━━━ Task inputs ━━━
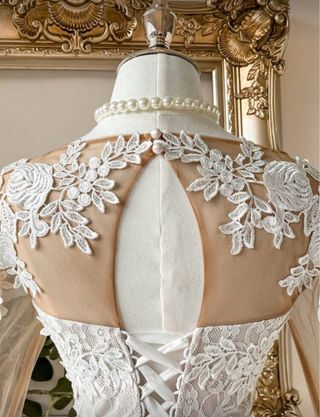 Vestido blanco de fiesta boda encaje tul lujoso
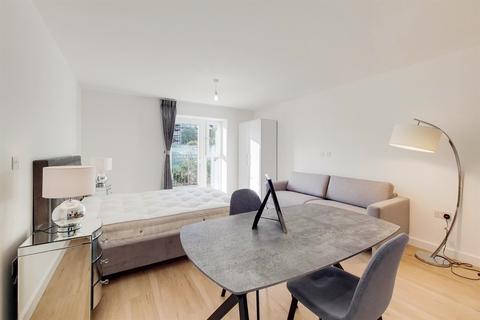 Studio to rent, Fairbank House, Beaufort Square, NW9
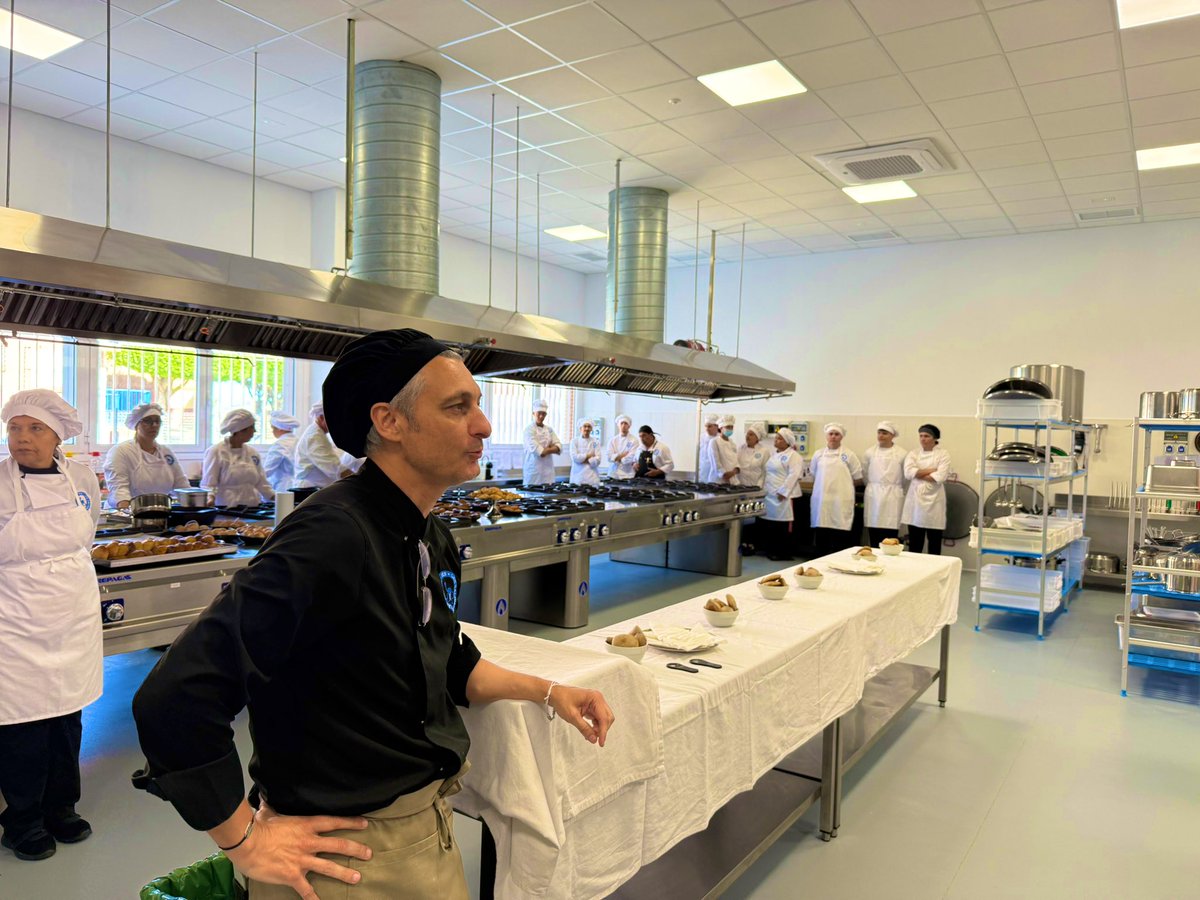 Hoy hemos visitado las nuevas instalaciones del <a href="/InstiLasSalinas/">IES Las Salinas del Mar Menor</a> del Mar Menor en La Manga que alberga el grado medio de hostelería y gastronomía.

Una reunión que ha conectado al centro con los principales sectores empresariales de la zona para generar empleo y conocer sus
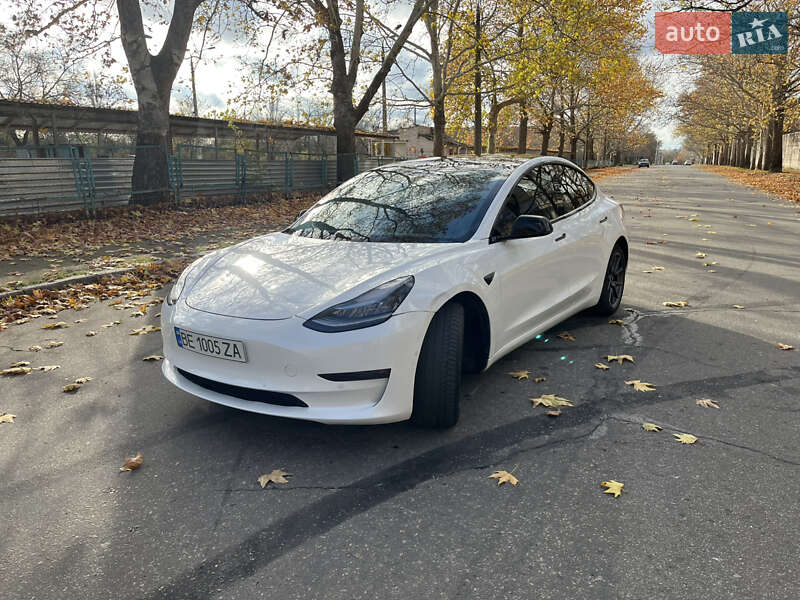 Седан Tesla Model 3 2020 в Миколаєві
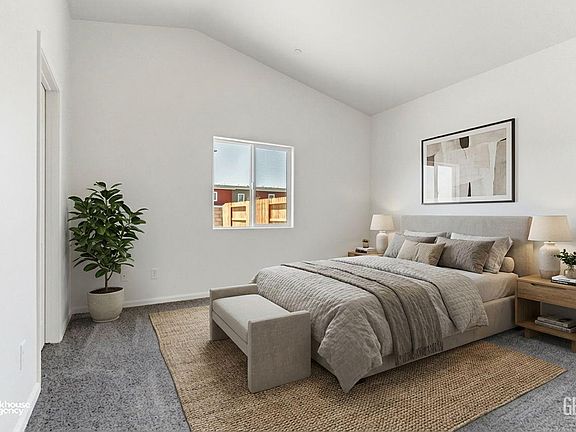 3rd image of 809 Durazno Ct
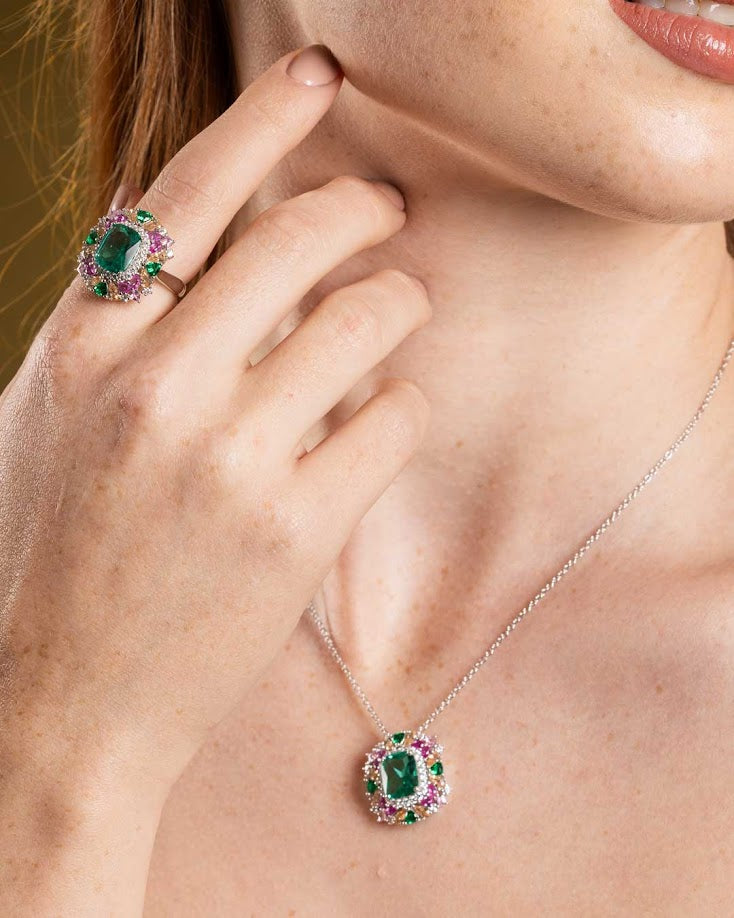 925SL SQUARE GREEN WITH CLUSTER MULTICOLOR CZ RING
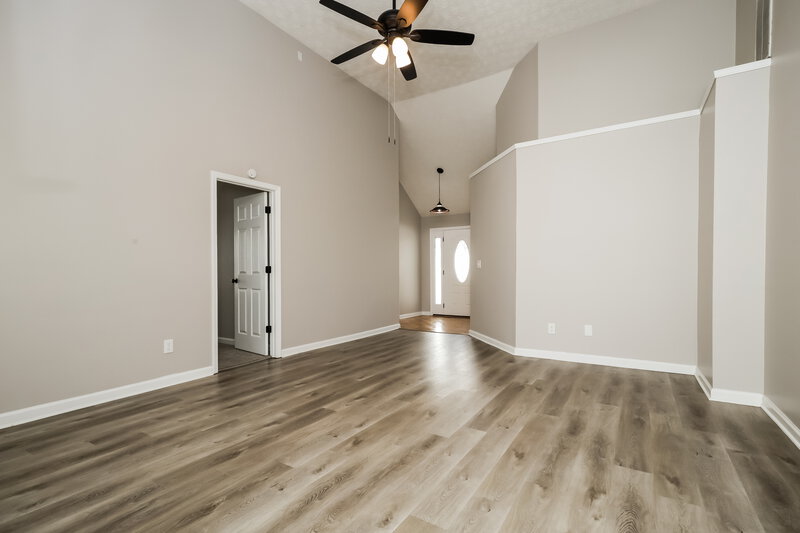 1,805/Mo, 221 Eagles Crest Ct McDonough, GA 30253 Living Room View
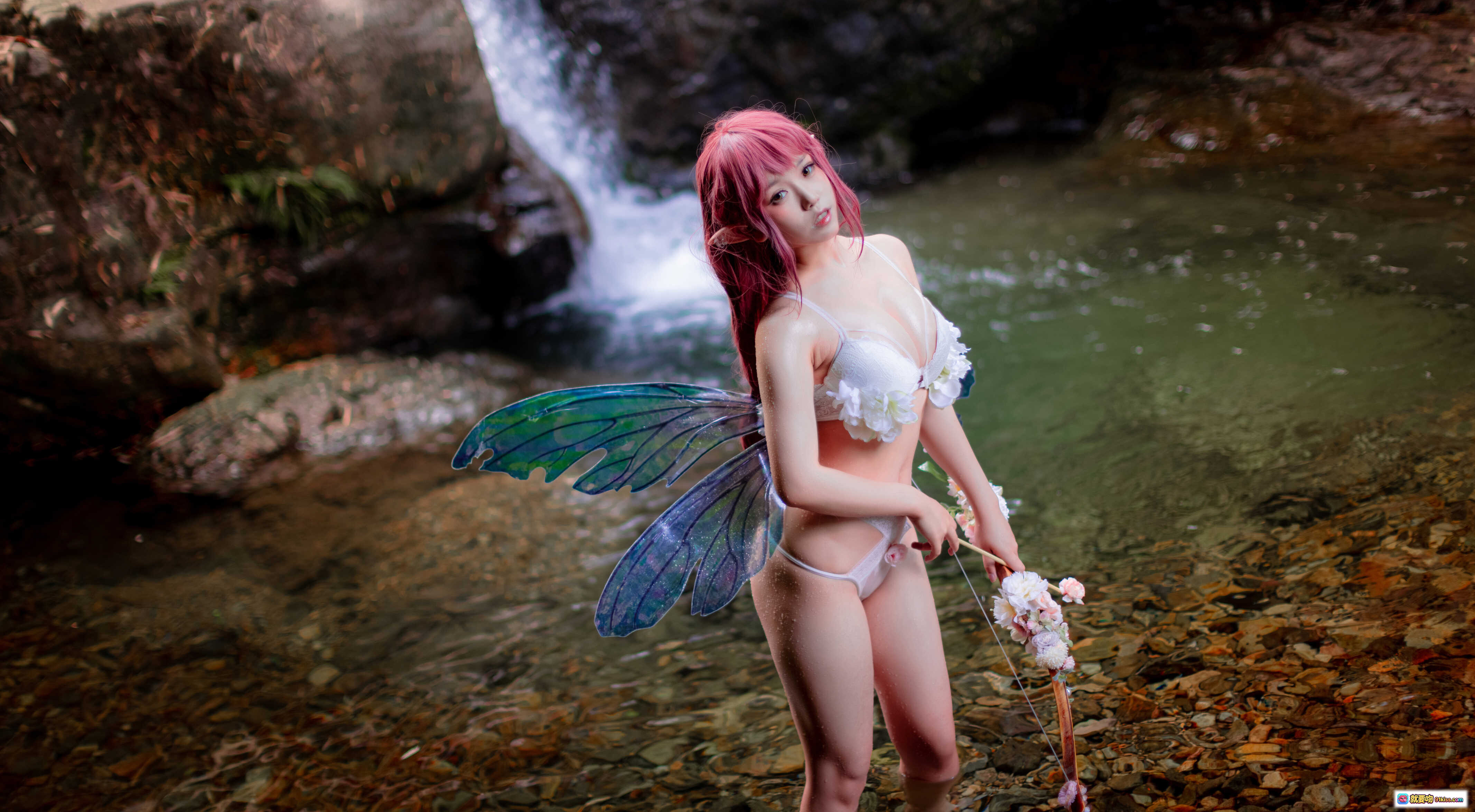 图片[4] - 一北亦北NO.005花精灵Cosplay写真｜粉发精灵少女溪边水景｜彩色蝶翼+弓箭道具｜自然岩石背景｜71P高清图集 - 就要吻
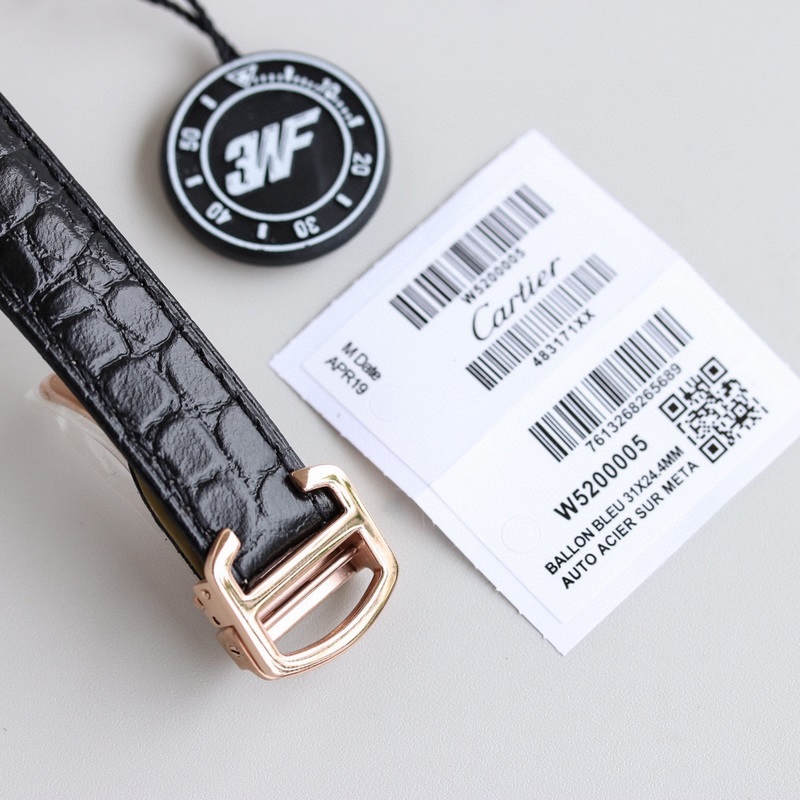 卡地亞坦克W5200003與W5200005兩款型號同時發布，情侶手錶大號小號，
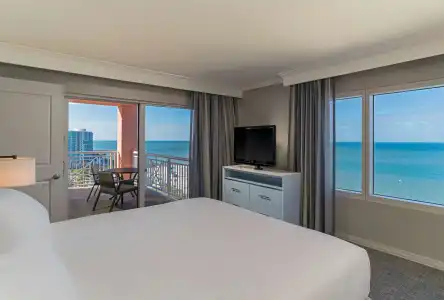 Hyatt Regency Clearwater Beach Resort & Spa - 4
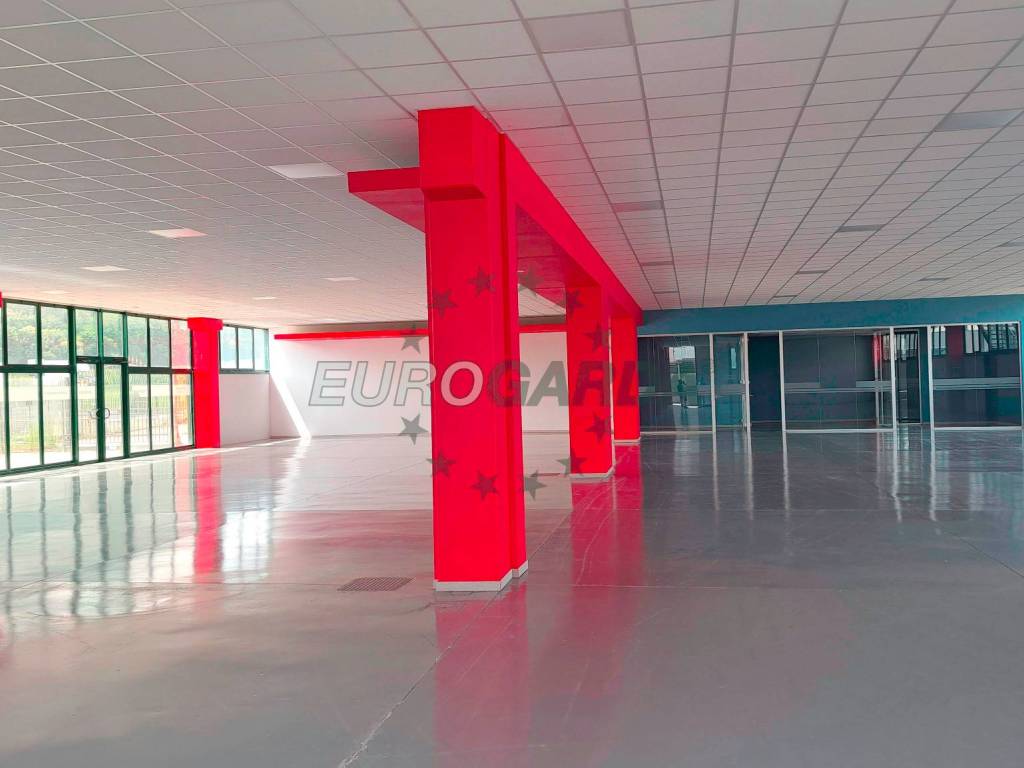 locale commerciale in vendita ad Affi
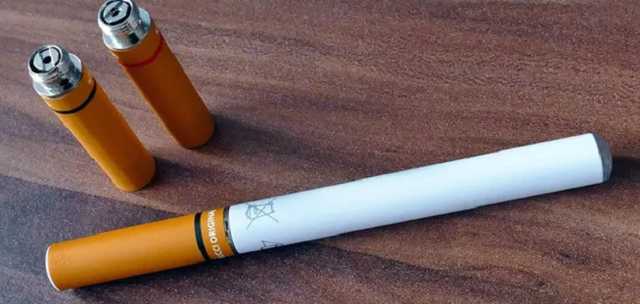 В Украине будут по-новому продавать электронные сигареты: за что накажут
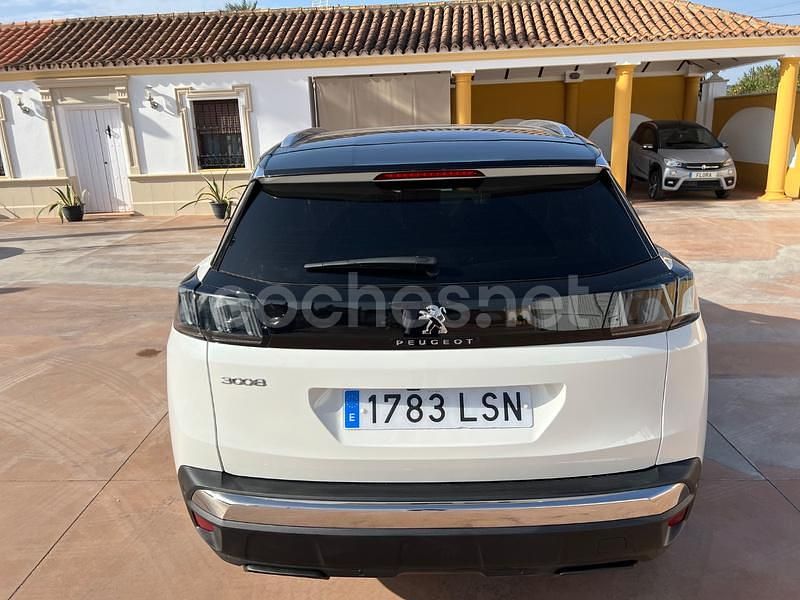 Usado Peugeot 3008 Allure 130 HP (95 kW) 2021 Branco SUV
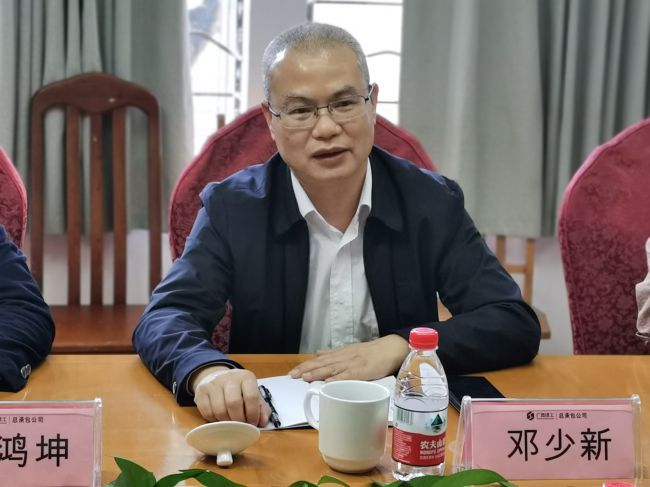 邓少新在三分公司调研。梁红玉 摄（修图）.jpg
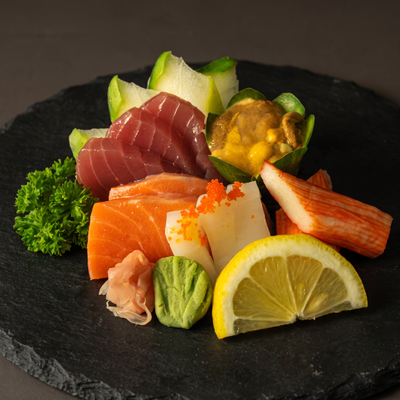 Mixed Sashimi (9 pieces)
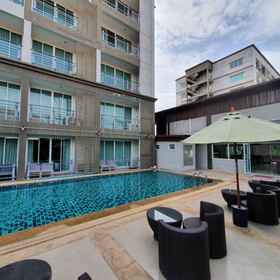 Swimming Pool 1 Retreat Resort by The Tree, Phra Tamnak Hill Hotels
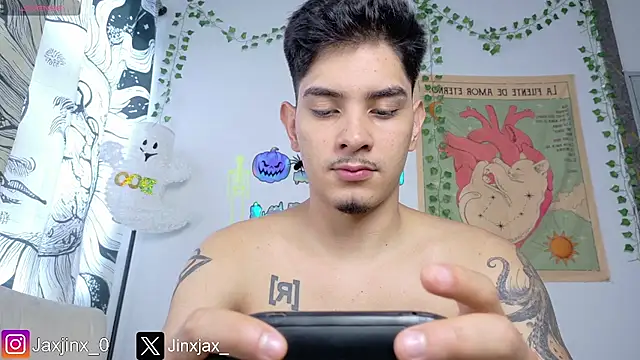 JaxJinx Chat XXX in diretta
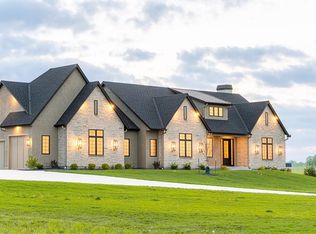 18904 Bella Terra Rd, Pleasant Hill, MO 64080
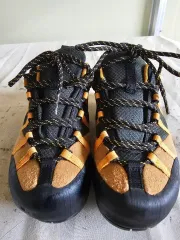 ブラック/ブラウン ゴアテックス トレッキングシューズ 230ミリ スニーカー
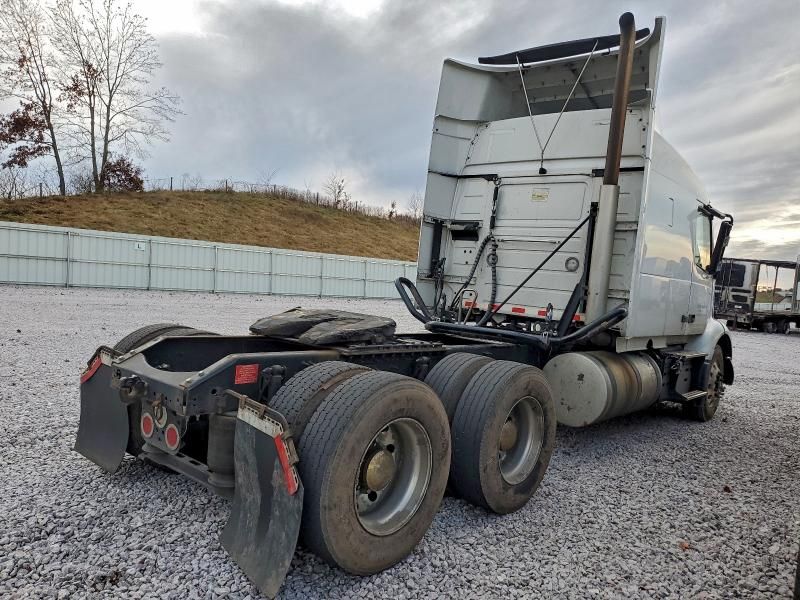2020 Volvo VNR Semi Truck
━━━
● Assignment
Copy everything in the listing above exactly except the pictures.

● Answer box
 Vestido blanco de fiesta boda encaje tul lujoso
 Studio to rent, Fairbank House, Beaufort Square, NW9
 Hoy hemos visitado las nuevas instalaciones del <a href="/InstiLasSalinas/">IES Las Salinas del Mar Menor</a> del Mar Menor en La Manga que alberga el grado medio de hostelería y gastronomía.

Una reunión que ha conectado al centro con los principales sectores empresariales de la zona para generar empleo y conocer sus
 Седан Tesla Model 3 2020 в Миколаєві
 3rd image of 809 Durazno Ct
 925SL SQUARE GREEN WITH CLUSTER MULTICOLOR CZ RING
 1,805/Mo, 221 Eagles Crest Ct McDonough, GA 30253 Living Room View
 图片[4] - 一北亦北NO.005花精灵Cosplay写真｜粉发精灵少女溪边水景｜彩色蝶翼+弓箭道具｜自然岩石背景｜71P高清图集 - 就要吻
 卡地亞坦克W5200003與W5200005兩款型號同時發布，情侶手錶大號小號，
 Hyatt Regency Clearwater Beach Resort & Spa - 4
 locale commerciale in vendita ad Affi
 В Украине будут по-новому продавать электронные сигареты: за что накажут
 Usado Peugeot 3008 Allure 130 HP (95 kW) 2021 Branco SUV
 邓少新在三分公司调研。梁红玉 摄（修图）.jpg
 Mixed Sashimi (9 pieces)
 Swimming Pool 1 Retreat Resort by The Tree, Phra Tamnak Hill Hotels
 JaxJinx Chat XXX in diretta
 18904 Bella Terra Rd, Pleasant Hill, MO 64080
 ブラック/ブラウン ゴアテックス トレッキングシューズ 230ミリ スニーカー
2020 Volvo VNR Semi Truck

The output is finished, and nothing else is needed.